_Assigned task_
No pictures go into the copy. Write out every line below exactly.

----

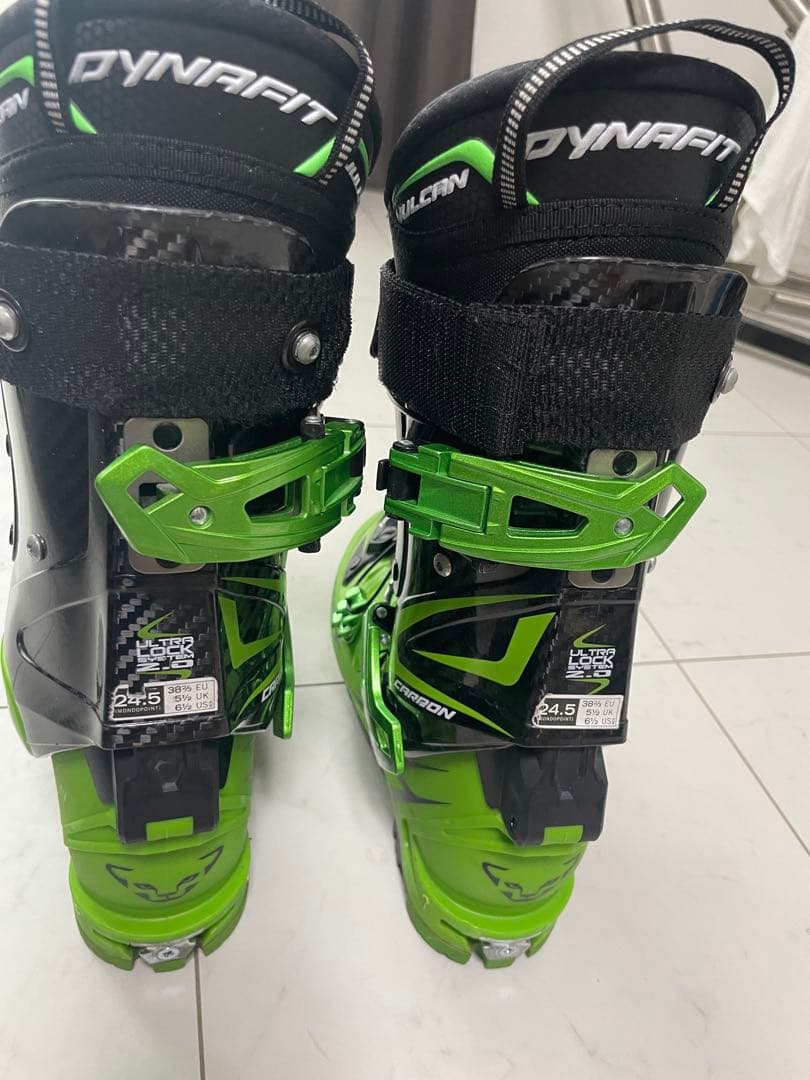 Dynafit Valkyrie 24.5 グリーン バックカントリーブーツ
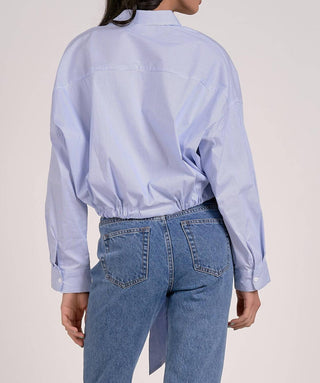 Elan - Blusa listrada com amarração frontal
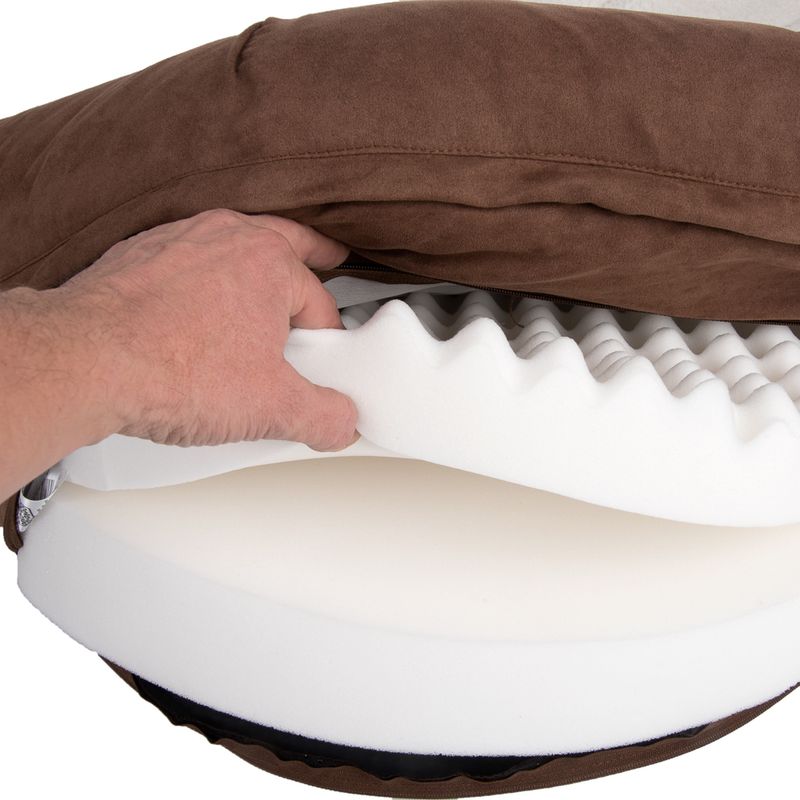 Hundebett Memory oval - braun zu TOP-Preisen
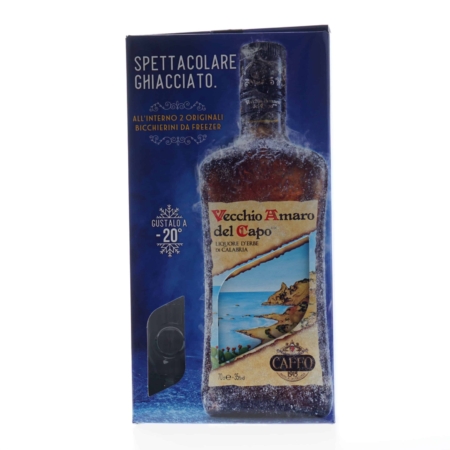 Vecchio Amaro Del Capo giftpack 70cl.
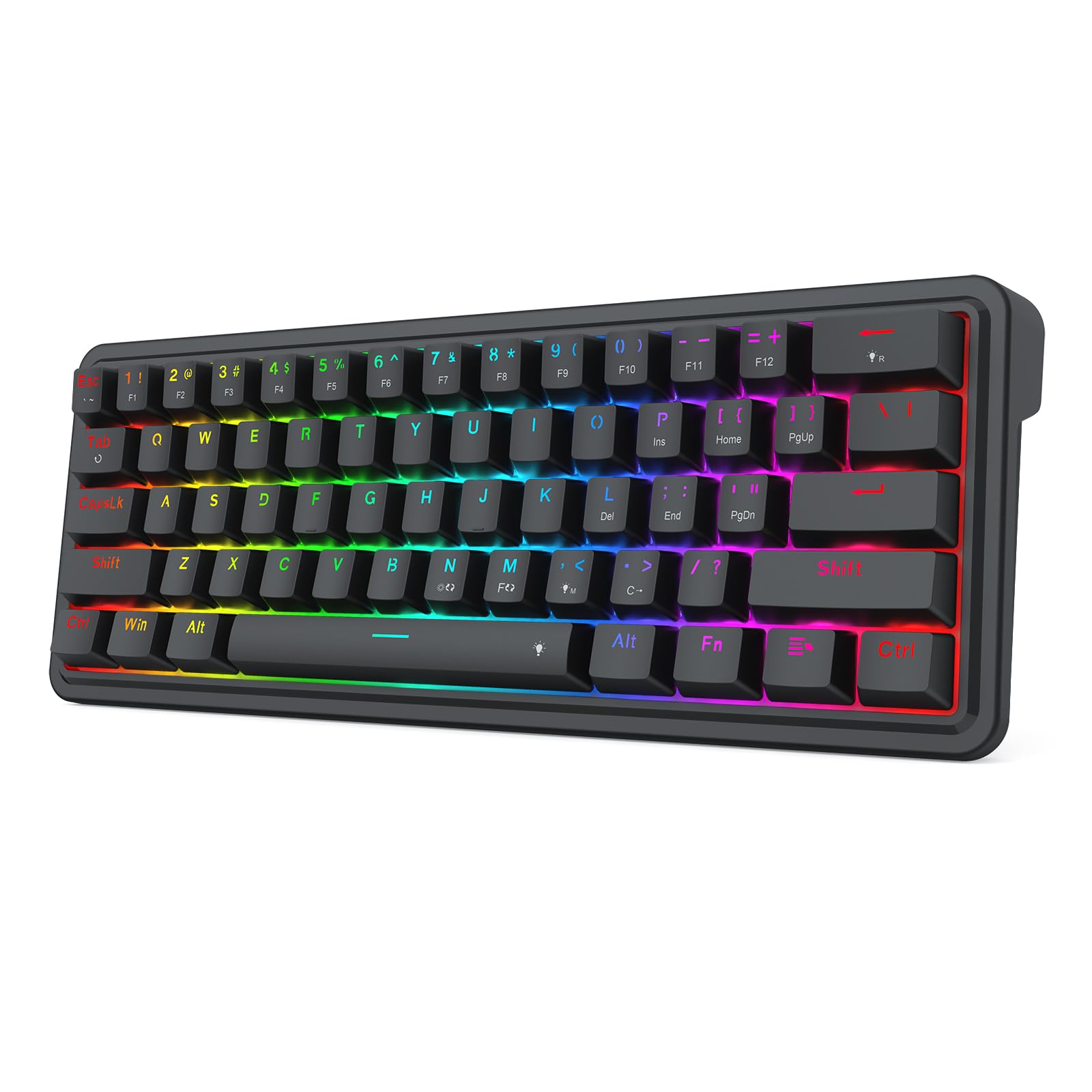 Foto 2 pulgar | Teclado Gaming Redragon K722 60% Cableado Junta Rgb 61 Teclas - Venta Internacional.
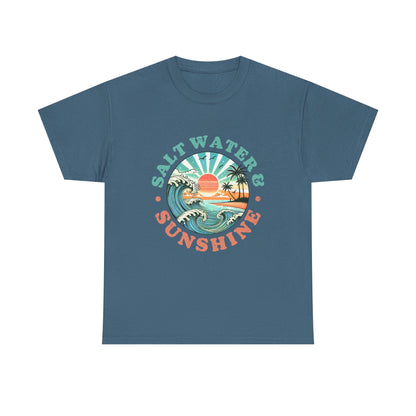 Coastal Saltwater & Sunshine Unisex Cotton T-Shirt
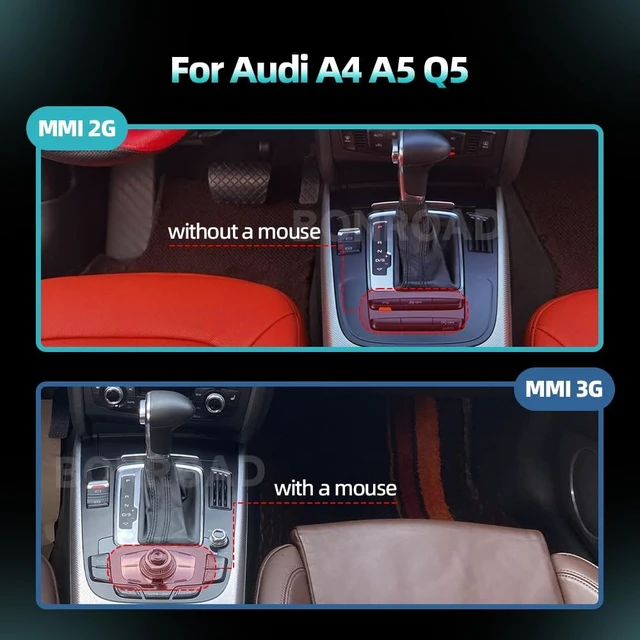 Alt view image 5 of 5 - Navivox Carplay Android Auto Adapter for Audi A4 A5 Q5 S4 S5 2008-2018 with MMI 3G System, Wireless CarPlay & Android Auto, Support AirPlay Mirror Link Bluetooth Siri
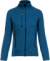 Dámska pletená flísová bunda s melanžovým efektom - Kariban, farba - light royal blue melange, veľkosť - 3XL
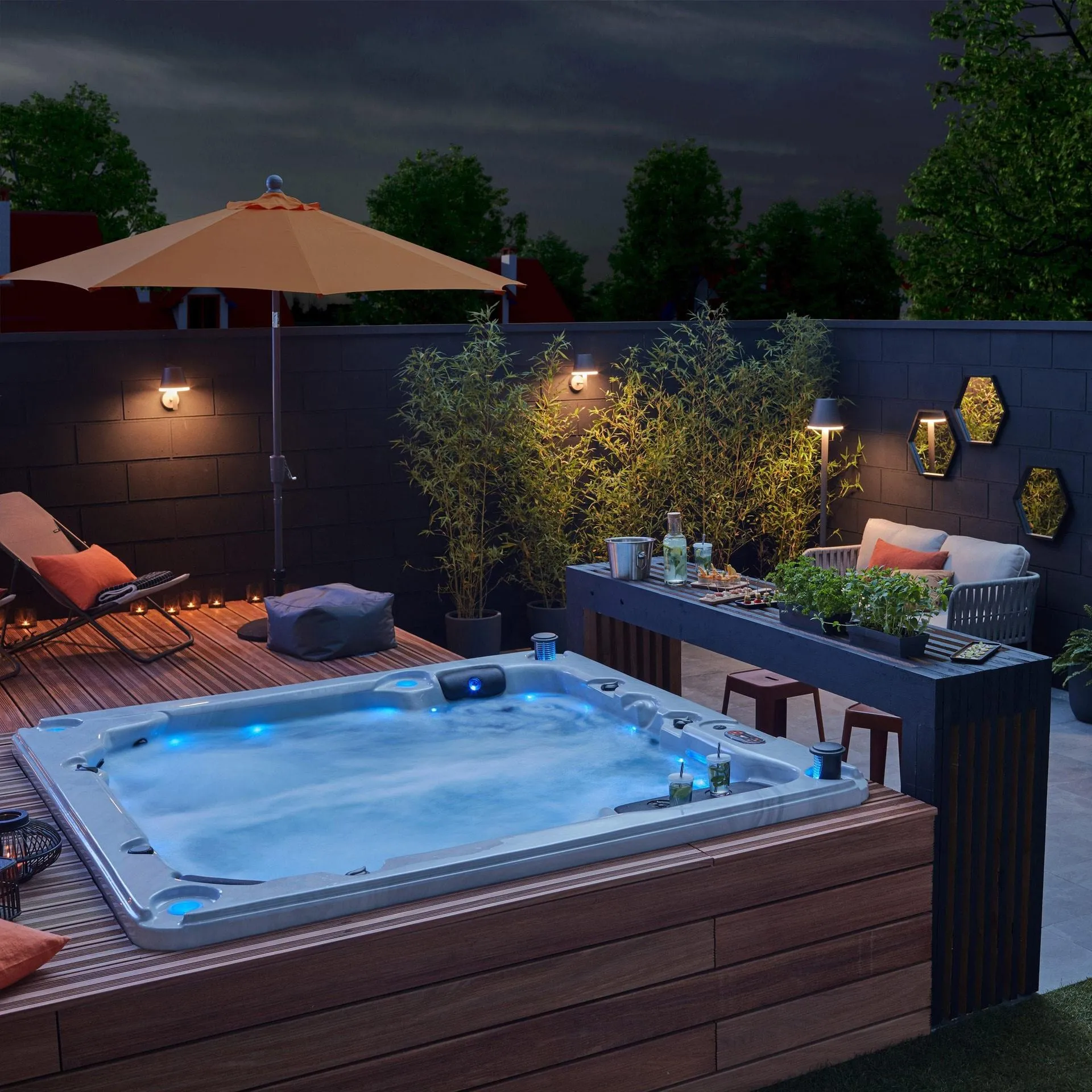 Thunder Bay AI Hot Tub | 5-6 Person 44-Jet | 219 x 219 cm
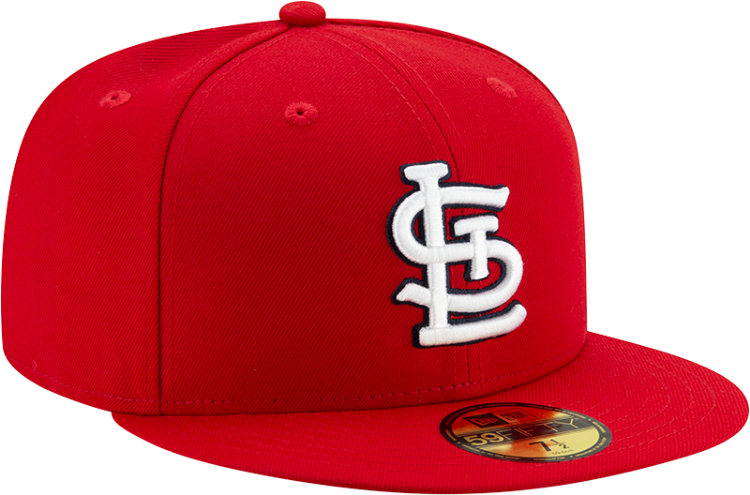 Men's St. Louis Cardinals New Era Red On-Field Authentic Collection 59FIFTY Fitted Hat side view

----

_Finished exercise_
 Dynafit Valkyrie 24.5 グリーン バックカントリーブーツ
 Elan - Blusa listrada com amarração frontal
 Hundebett Memory oval - braun zu TOP-Preisen
 Vecchio Amaro Del Capo giftpack 70cl.
 Foto 2 pulgar | Teclado Gaming Redragon K722 60% Cableado Junta Rgb 61 Teclas - Venta Internacional.
 Coastal Saltwater & Sunshine Unisex Cotton T-Shirt
 Alt view image 5 of 5 - Navivox Carplay Android Auto Adapter for Audi A4 A5 Q5 S4 S5 2008-2018 with MMI 3G System, Wireless CarPlay & Android Auto, Support AirPlay Mirror Link Bluetooth Siri
 Dámska pletená flísová bunda s melanžovým efektom - Kariban, farba - light royal blue melange, veľkosť - 3XL
 Thunder Bay AI Hot Tub | 5-6 Person 44-Jet | 219 x 219 cm
 Men's St. Louis Cardinals New Era Red On-Field Authentic Collection 59FIFTY Fitted Hat side view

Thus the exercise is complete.